Rebuilding a Childhood Math Game: The Cheops Pyramid

Blog post #30


A glowing Cheops-style math pyramid with numbered rooms and a numpad for solving problems.

I’ve always loved math. Not in the quiet, dutiful way — in the I want to beat the thing that wasn’t meant for me yet way.

There was a math game I played in elementary school, maybe 5th or 6th grade. It was called the Cheops Pyramid, and it was built for high school students. That detail mattered enormously to us. We knew the gap we were trying to close. When our class finally beat it — with a little help from our teacher, who told us what Acarus was in Latin when we got stuck — the pride was enormous. We weren’t supposed to win. We won anyway.


What I built

Tonight I sat down and rebuilt it. A modern interpretation of the Cheops Pyramid.
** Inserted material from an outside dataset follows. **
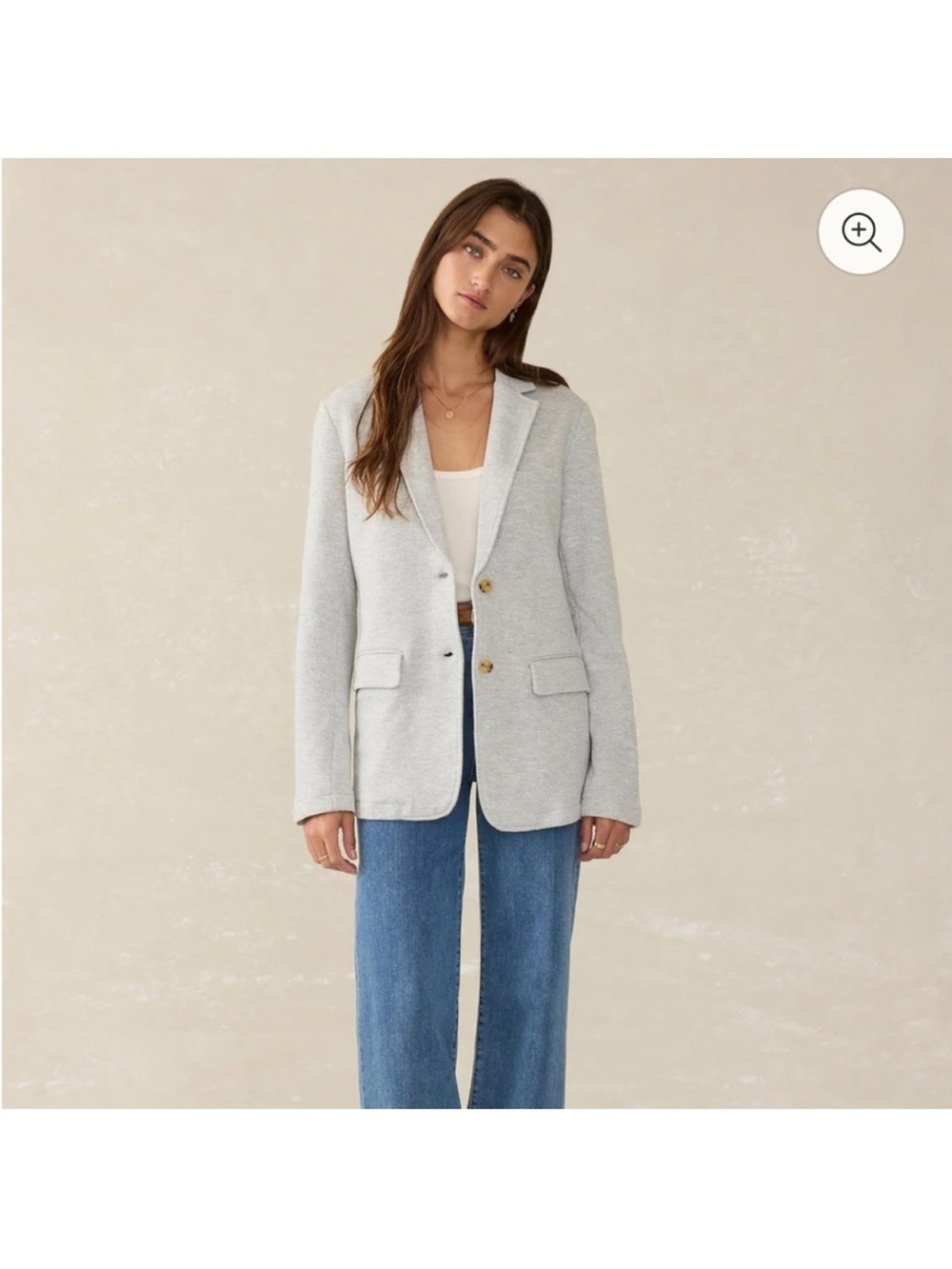 NWT Faherty Inlet Cotton Blend Knit Blazer SZ XX-Large HEATHER GREY #2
It started as a 10-room demo. Then it became 40 rooms. That’s how these things go.

The project pulls in three directions simultaneously, and I haven’t fully resolved the tension between them:

  • Faithful to memory — I want it to feel like the original. The progression, the difficulty curve, the sense that you’re climbing something real.
  • Modern interpretation — Updated visuals, better UX, runs in a browser. The feel of the numpad on the right side of a keyboard is part of the original experience I want to preserve.
  • Accessible to my 8-year-old daughter — A simplified mode that keeps the spirit without the high-school math.

These three versions of the game are in tension. What’s the right difficulty for the main mode? What gets stripped for the kids’ mode? Where does modern polish stop being an improvement and start being a different game?

What I’m proud of

I built a speed mode — a way to run through all the rooms quickly to get a feel for the difficulty curve across the whole game. It’s been invaluable for level design.

The thing I’m most proud of, though, is the level-builder file. It gives a clean overview of the entire 40-room structure: what math concept is in each room, what the difficulty progression looks like, what’s been tested and what hasn’t. It makes it possible to actually talk about level design as a design problem rather than just poking around in code.

What’s still open

The three modes need a decision. Not just implementation — a design decision. What is this game, exactly? A nostalgia project? A kids’ math app? A product?

If it’s a product: App Store, or desktop-focused? The numpad experience is part of the soul of the original. Touch screens don’t have that. A desktop app preserves it. But distribution is a different conversation entirely.

I don’t have an answer yet. But I like where the question has landed.